Fear is an extremely powerful motivational force. In public policy debates, appeals to fear are often used in an attempt to sway opinion or bolster the case for action. Such appeals are used to convince citizens that threats to individual or social wellbeing may be avoided only if specific steps are taken. Often these steps take the form of anticipatory regulation based on the precautionary principle.
Such “fear appeal arguments” are frequently on display in the Internet policy arena and often take the form of a full-blown “moral panic” or “technopanic.” These panics are intense public, political, and academic responses to the emergence or use of media or technologies, especially by the young. In the extreme, they result in regulation or censorship.
While cyberspace has its fair share of troubles and troublemakers, there is no evidence that the Internet is leading to greater problems for society than previous technologies did. That has not stopped some from suggesting there are reasons to be particularly fearful of the Internet and new digital technologies. There are various individual and institutional factors at work that perpetuate fear-based reasoning and tactics.

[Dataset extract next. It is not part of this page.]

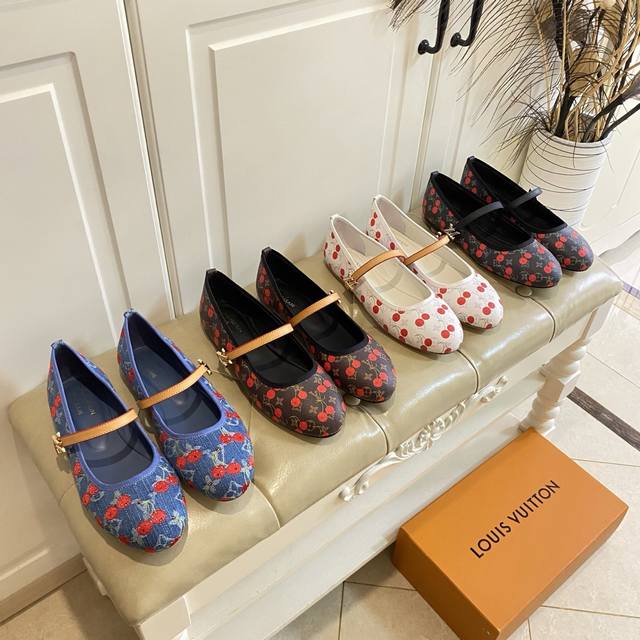 Factory price Pp old flower surface, blue denim surface, top quality, Louis Vuit
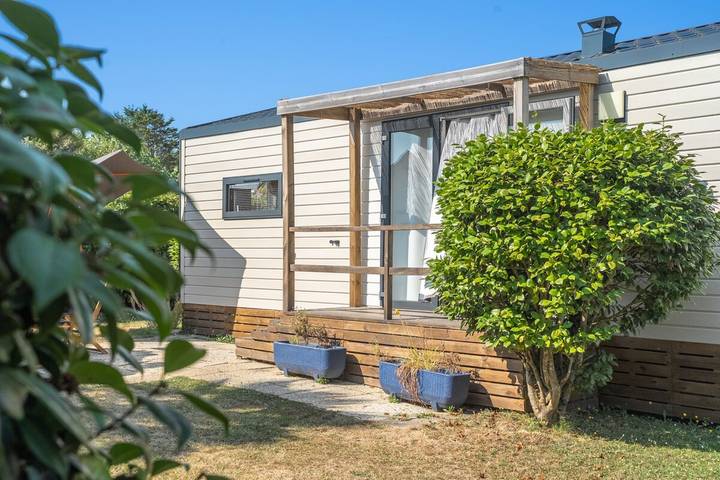 Bord de mer : Mobil-home Neuf avec Jardin in Plage de Port Fontaine-Lomener, Ploemeur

This paper will consider the structure of fear appeal arguments in technology policy debates and then outline how those arguments can be deconstructed and refuted in both cultural and economic contexts. Several examples of fear appeal arguments will be offered with a particular focus on online child safety, digital privacy, and cybersecurity. The various factors contributing to “fear cycles” in these policy areas will be documented.

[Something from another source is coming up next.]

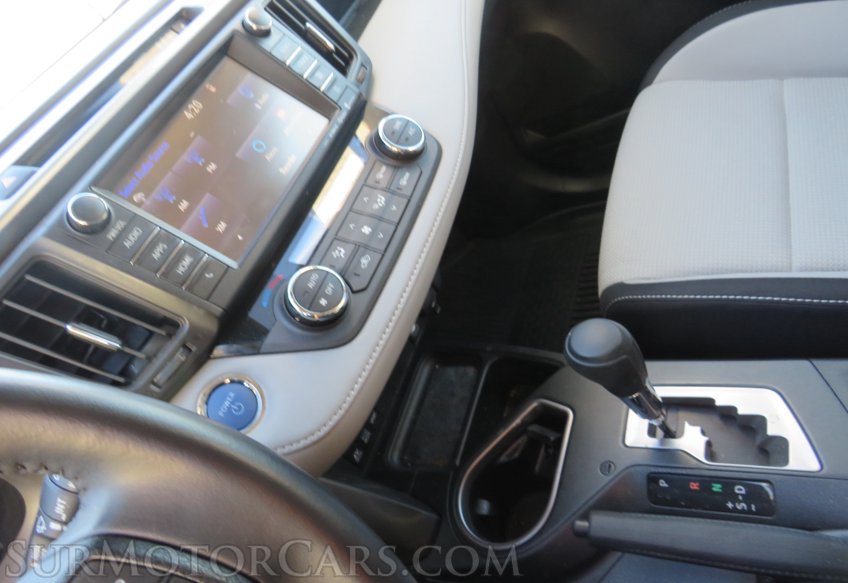 2017 Toyota RAV4 Hybrid - Image 39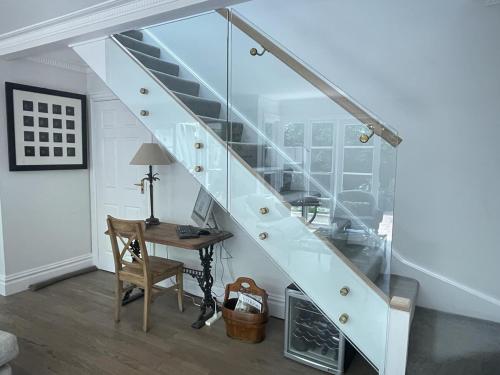 Reed Cottage - in the heart of Sydney - image 2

To the extent that these concerns are valid, they are best addressed by ongoing societal learning, experimentation, resiliency, and coping strategies rather than by regulation.
If steps must be taken to address these concerns, education and empowerment-based solutions represent superior approaches to dealing with them compared to a precautionary principle approach, which would limit beneficial learning opportunities and retard technological progress.